▶ ASSIGNED TASK:
No line before the one holding "Windsor, Connecticut Used" is to be copied; that line and all after it, through the end of the listing, are returned exactly, minus pictures.

▶ DATA SEGMENT:

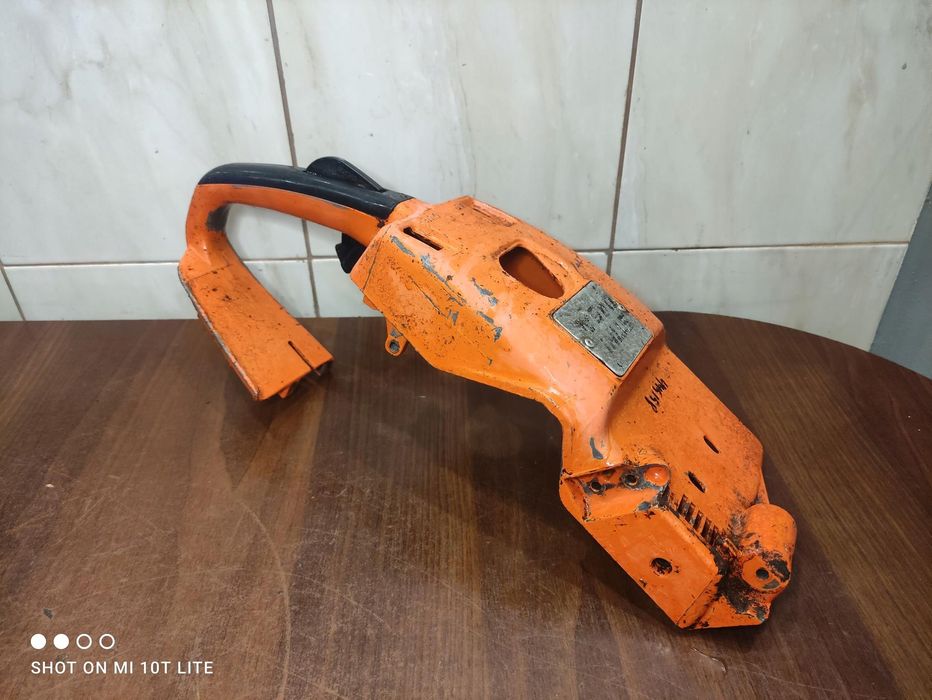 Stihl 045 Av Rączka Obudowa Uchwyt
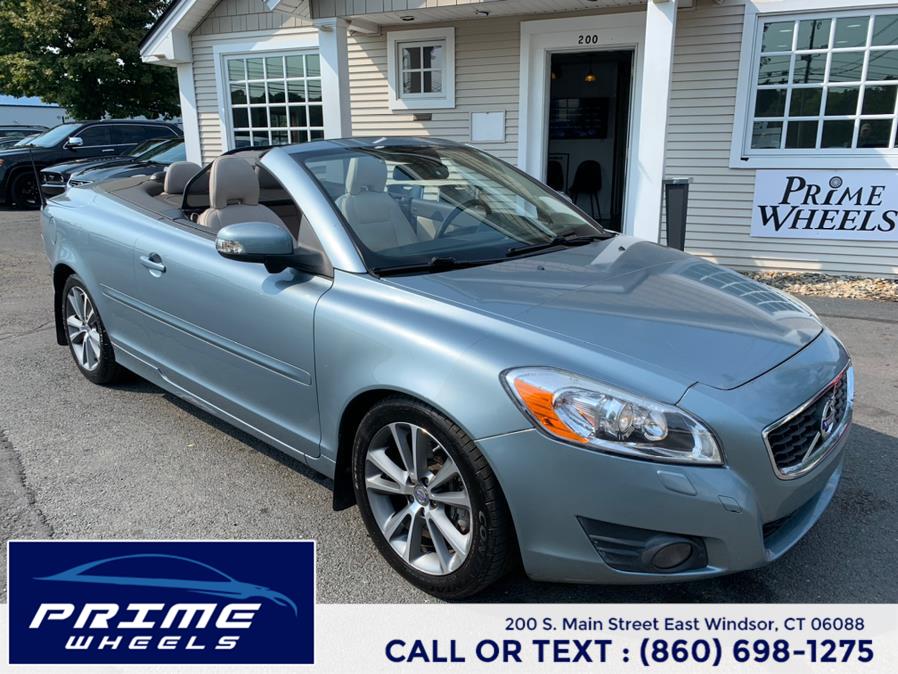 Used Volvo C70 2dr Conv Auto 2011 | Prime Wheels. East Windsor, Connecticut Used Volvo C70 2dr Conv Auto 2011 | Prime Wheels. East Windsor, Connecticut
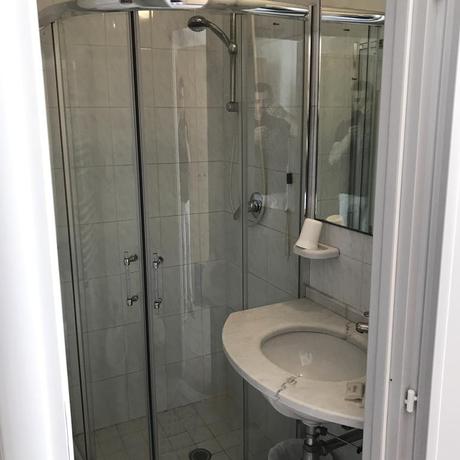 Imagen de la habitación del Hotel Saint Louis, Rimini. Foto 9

▶ ANSWER SPACE:
 Used Volvo C70 2dr Conv Auto 2011 | Prime Wheels. East Windsor, Connecticut Used Volvo C70 2dr Conv Auto 2011 | Prime Wheels. East Windsor, Connecticut
 Imagen de la habitación del Hotel Saint Louis, Rimini. Foto 9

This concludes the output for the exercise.